PERSAINGAN HARGA PRODUK DALAM NEGERI VERSUS HARGA PRODUK LUAR NEGERI DILIHAT
DARI TINGGINYA BIAYA PRODUKSI
“Potensi
pasar domestic sebagai penopang ketangguhan ekonomi nasional”
A. ABSTRAK
:
Ekonomi
Indonesia selama kuartal I tahun 2012 tumbuh sebesar 6,3%. Meski demikian,
pemerintah tetap optimis bisa mencapai target pertumbuhan sebesar 6,7%
sebagaimana dicanangkan dalam APBN-Perubahan tahun 2012. Memang, krisis ekonomi
global yang bermuara pada terjadinya krisis di Benua Eropa sempat dikhawatirkan
berbagai pihak akan berpotensi menjadi penghambat terget pertumbuhan tersebut.
Kebijakan
memperkuat dan meningkatkan peran perdagangan dalam negeri sangat penting untuk
mendorong pertumbuhan ekonomi yang berkualitas. Bahkan, perdagangan dalam
negeri dapat mendorong terjadinya peningkatan sumber-sumber pertumbuhan di daerah,
sehingga akan terwujud target pertumbuhan ekonomi nasional sebagaimana yang
diharapkan.
B. PENDAHULUAN
Di zaman era
globalisasi ini kita harus mengetahui perkembangan perekonomianindonesia
terutama pada masalah persaingan harga produk. Baik produk dalam negeri maupun
produk luar negeri. Dengan mengetahui harga-harga pasar persaingan tersebut
kita dapat mengetahui kondisi ekonomi yang terjadi. Apa lagi pada saat tingkat
produksi tinggi, mau tidak mau negara pun harus mengikuti perkembangan harga
yang terjadi pada system perekonomian tersebut.
Pada saat itu juga,
jika ada perubahan pada harga-harga akan mempengaruhi perekonomian suatu negara
juga, karena negara harus bisa memikirkan bagaimana caranya agar bisa
mengimbangi harga pasar internasional dan juga di barengi dengan
mensejahterakan masyarakat. Pemerintah juga harus memperhatikan barang-barang
yang di impor, jangan semua barang pokok harus di impor dari luar, pemerintah
juga jangan sampai lupa akan barang-barang dalam negeri bahwa produk dalam
negeri tidak kalah bagus kualitasnya dengan produk luar negeri
C. LANDASAN TEORI
Sampai di manakah kita kuat
membendung badai krisis ekonomi global yang imbasnya benar-benar akan kita
rasakan pada paruh pertama tahun ini? Jawabannya ada di dalam diri sendiri,
yaitu bergantung pada seberapa besar kita mampu memberdayakan potensi yang kita
miliki.
Salah satu potensi besar yang sering
luput dari arus utama kebijakan ekonomi kita adalah pengembangan pasar
domestik. Ia baru dilirik ketika pasar ekspor sedang lesu. Dalam situasi
normal, teropong ekonomi kerap diarahkan ke pasar luar negeri.

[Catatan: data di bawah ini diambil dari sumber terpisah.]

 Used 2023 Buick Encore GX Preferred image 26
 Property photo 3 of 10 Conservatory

Padahal, lebih dari 70% pendapatan
negara berasal dari pasar dalam negeri. Pasar ekspor hanya menyumbang kurang
dari 30%. Bahkan, Menteri Keuangan Sri Mulyani menyebutkan pada 2009 pasar
domestik diperkirakan menyumbang pendapatan negara lebih dari 80%, sedangkan
pasar ekspor hanya menyumbang sekitar 18%.
|
Data tersebut menggambarkan pasar
domestik memiliki potensi yang luar biasa untuk digerakkan dan merupakan
jawaban yang ampuh untuk menghadapi imbas krisis finansial global yang akan
lebih dirasakan pedihnya oleh negara-negara yang bergantung pada ekspor.
Kepedihan itu terutama mendera
sebagian besar negara yang kekuatan pasarnya sedang tumbuh (emerging market)

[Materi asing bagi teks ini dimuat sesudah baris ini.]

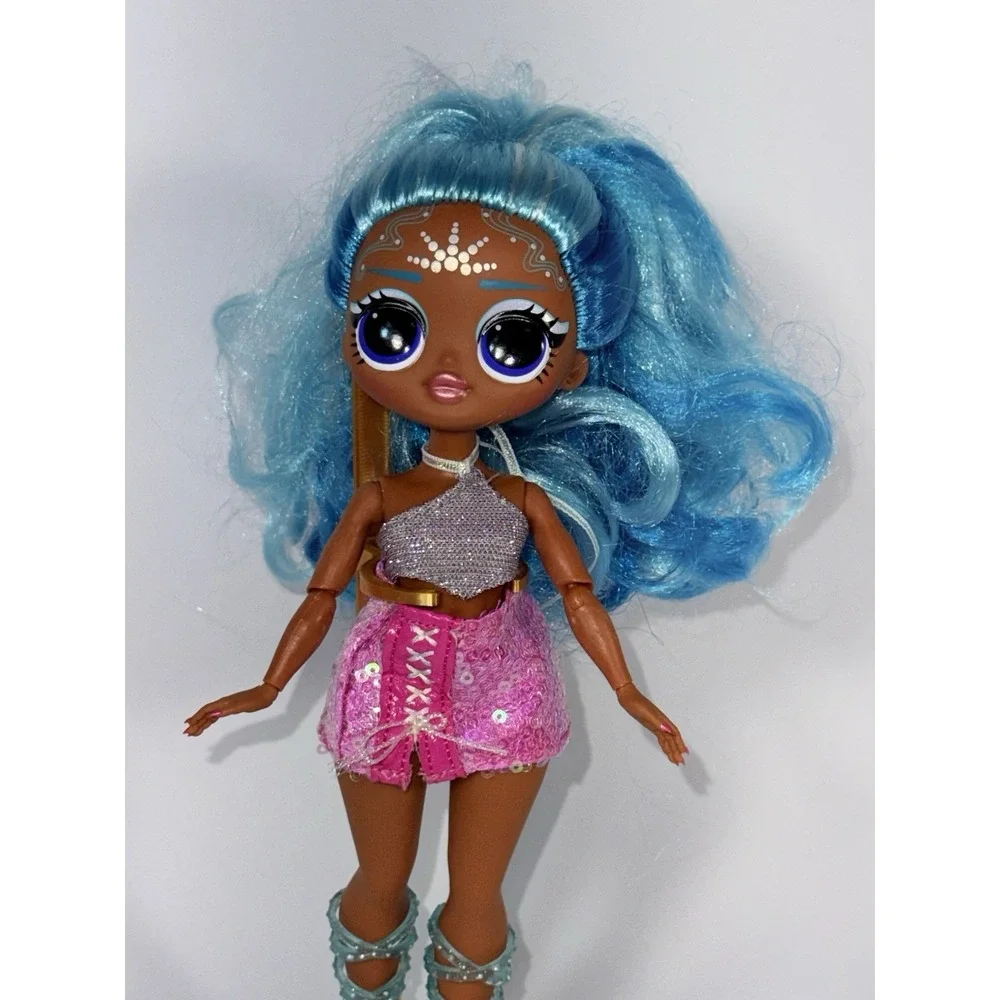 LOL Suprise OMG Queens Splash Beauty 10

yang menguasai 60% pangsa pasar ekspor ke Amerika Serikat dan negara-negara
maju. Akibat krisis, permintaan dari negara-negara tujuan ekspor tersebut kini
mengalami penurunan sehingga berdampak terhadap permintaan barang-barang dari
negara-negara yang sedang tumbuh (emerging countries).

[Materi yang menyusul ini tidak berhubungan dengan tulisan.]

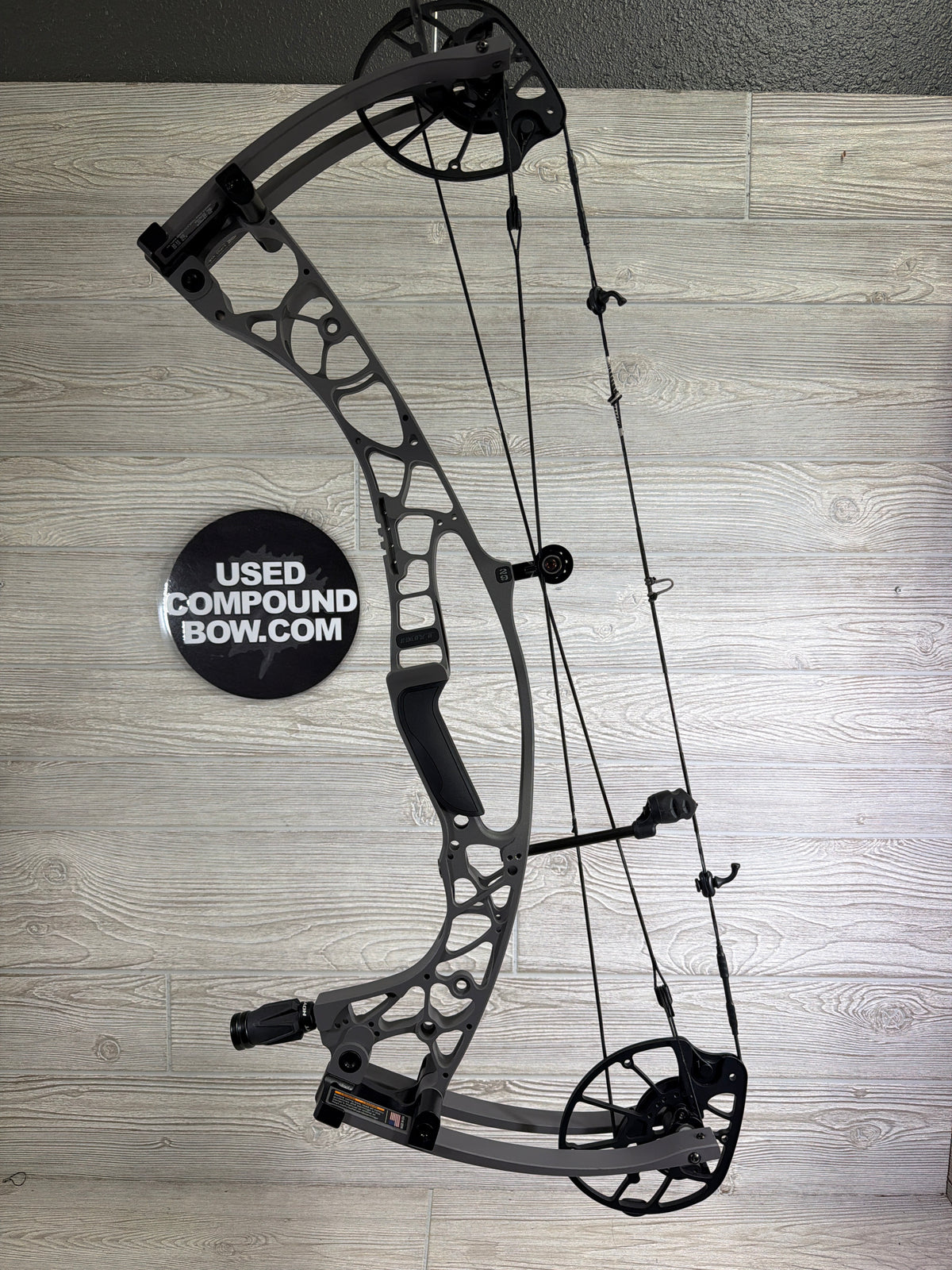 Used Hoyt Alpha AX-2 29 Tombstone RH 60-70# 27.5"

Karena itu, fokus mengembangkan potensi
pasar domestik mestinya menjadi prioritas utama kebijakan ekonomi pemerintah
tahun ini. Kendati menambah beban pada semua komponen ekonomi, fokus
pengembangan potensi pasar domestik akan mampu menyelamatkan masyarakat dari
imbas krisis.
Tekad yang sudah disampaikan
Presiden Susilo Bambang Yudhoyono pada malam menjelang pergantian tahun sudah
tepat, namun harus lebih dikonkretkan. Tekad itu adalah memelihara pertumbuhan
ekonomi di level 4,5%, menjaga daya beli masyarakat, dan memberantas barang
impor ilegal.
Langkah konkret menjaga daya beli,
misalnya, bisa dilakukan dengan melibatkan secara penuh produsen dalam negeri
pada semua proyek negara. Bahan-bahan yang komponennya sudah bisa diproduksi di
dalam negeri, seperti semen, besi lokal, dan aspal, harus dimaksimalkan dalam
pengerjaan proyek negara.
Untuk memperluas pasar domestik,
negara harus memberi insentif lebih berupa pembebasan pajak pertambahan nilai
kepada dunia usaha yang sangat dominan memakai komponen bahan baku dalam negeri
dan banyak menyerap tenaga kerja, seperti industri tekstil dan garmen.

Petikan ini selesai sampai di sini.